The modern infrastructure we have, like expressways, are privately built and managed. And we must pay to use them. In other countries, the government builds such infrastructure and citizens use them for free.
COA, in its 2022 DPWH Audit Report, has cast doubt on the necessity and prudence of, for example, the P255-billion in phantom flood control projects…That we had serious floods over the last week proves the budget allocation was just a ruse.
Billions in confidential and intelligence funds for legislators and the president/vice president… with no accountability. Just ask Mary Grace Piattos.
The billions allotted for maintenance & other operating expenses, according to COA, is another gold mine for corrupt officials.
The COA 2023 Audit Observation Memo reports “Ayuda payouts with incomplete master lists and absent proof of distribution — renders accuracy and existence of beneficiaries doubtful.”
The article observed: “You lose money in small drips: P50 here, P200 there— until it becomes billions in the aggregate, quietly bankrolling everything except the national good.”
Joey Salceda gets the problem: “There is bigger political space and public clamor for reform on the expenditure side.
“That means the quality of expenditure and the speed of delivery.
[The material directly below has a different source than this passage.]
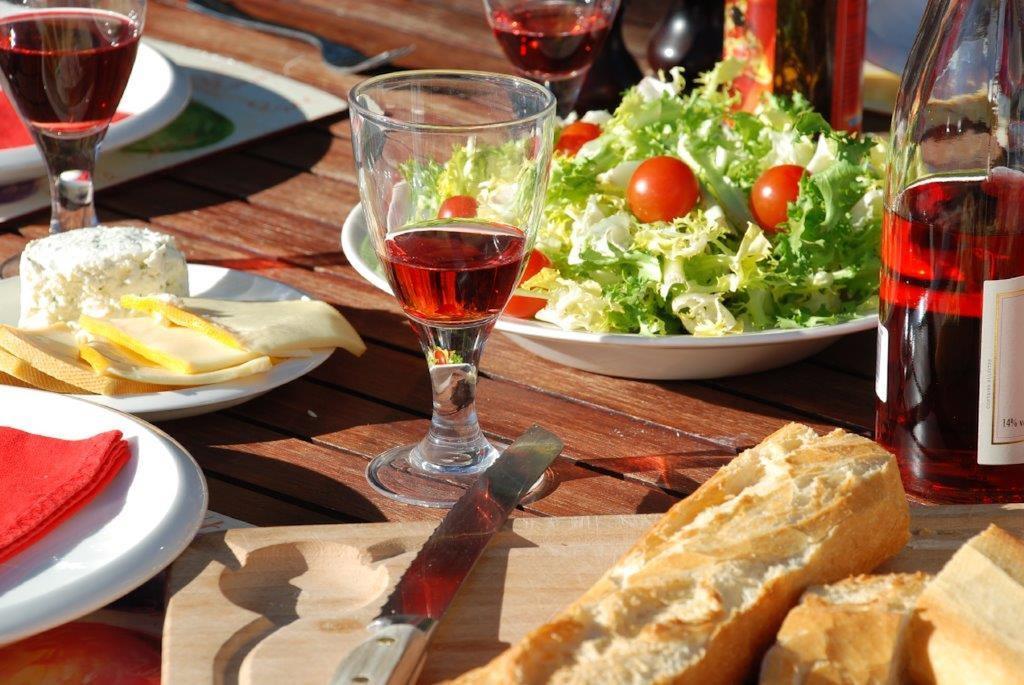 Bed & Breakfast La Source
That includes fixing procurement, improving agency absorptive capacity and accelerating implementation of big-ticket and PPP pipeline projects.
“If we can’t raise more revenue for now, we need to get more out of what we already spend.”
A concerned taxpayer wrote to Sec. Ralph Recto that he should collect the P203 billion in unpaid estate taxes owed by the Marcos family estate which had been ruled final and executory by the Supreme Court in 1997. Until then, he has no right to impose new taxes.
Oo nga naman. Madlang people lang ang kaya ninyo!